▸ **Input material**
- - -

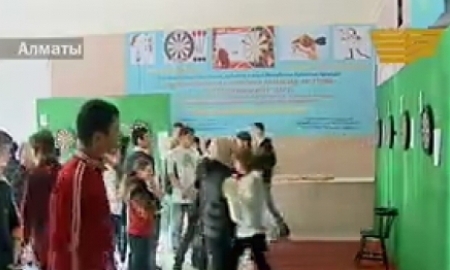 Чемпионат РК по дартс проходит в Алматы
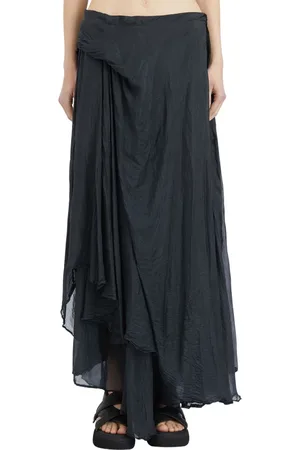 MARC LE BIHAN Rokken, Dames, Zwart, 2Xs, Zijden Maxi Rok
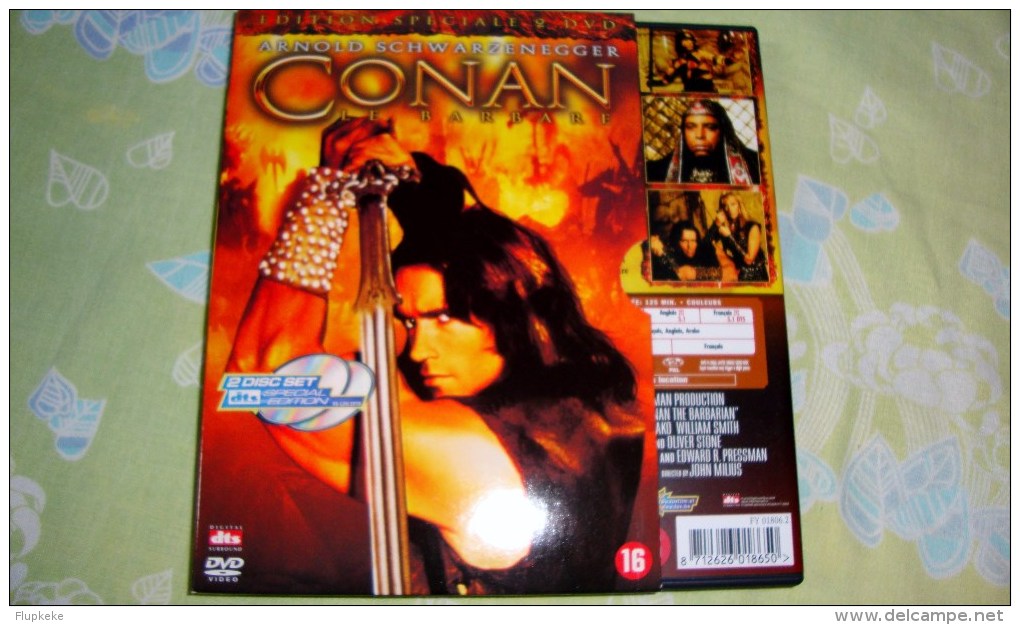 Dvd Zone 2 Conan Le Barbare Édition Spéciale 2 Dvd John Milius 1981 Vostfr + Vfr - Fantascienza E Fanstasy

- - -

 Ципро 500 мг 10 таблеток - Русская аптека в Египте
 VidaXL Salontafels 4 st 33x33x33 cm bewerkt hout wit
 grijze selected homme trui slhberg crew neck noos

- - -

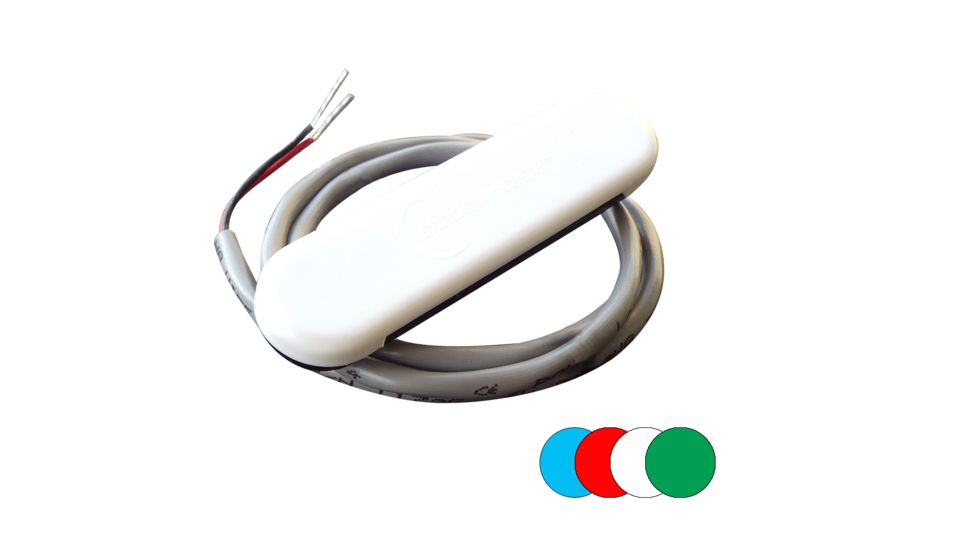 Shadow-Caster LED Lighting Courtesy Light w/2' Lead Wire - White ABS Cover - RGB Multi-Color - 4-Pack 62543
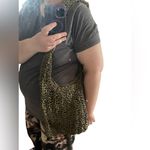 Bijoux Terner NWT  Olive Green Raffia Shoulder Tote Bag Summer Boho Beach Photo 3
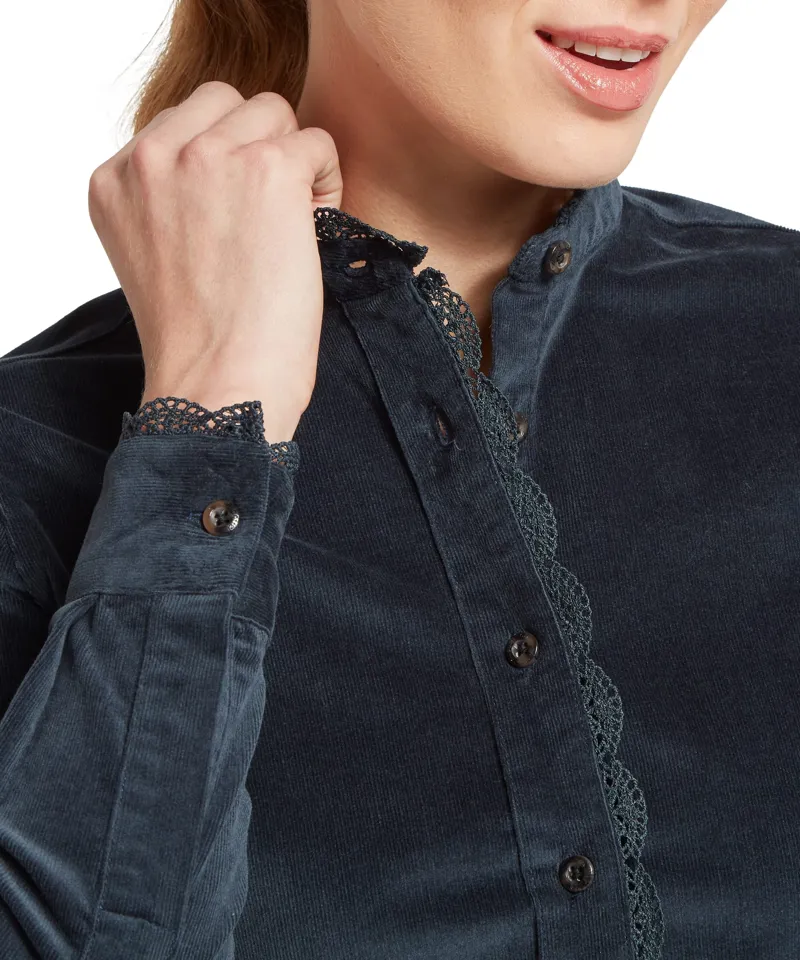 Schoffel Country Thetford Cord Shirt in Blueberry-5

- - -

▸ **Required work**
Start with the line above that contains "Ципро 500 мг" and end with the line that contains "grijze selected homme". Write out those lines exactly, and only those.

▸ **Exercise output**
 Ципро 500 мг 10 таблеток - Русская аптека в Египте
 VidaXL Salontafels 4 st 33x33x33 cm bewerkt hout wit
 grijze selected homme trui slhberg crew neck noos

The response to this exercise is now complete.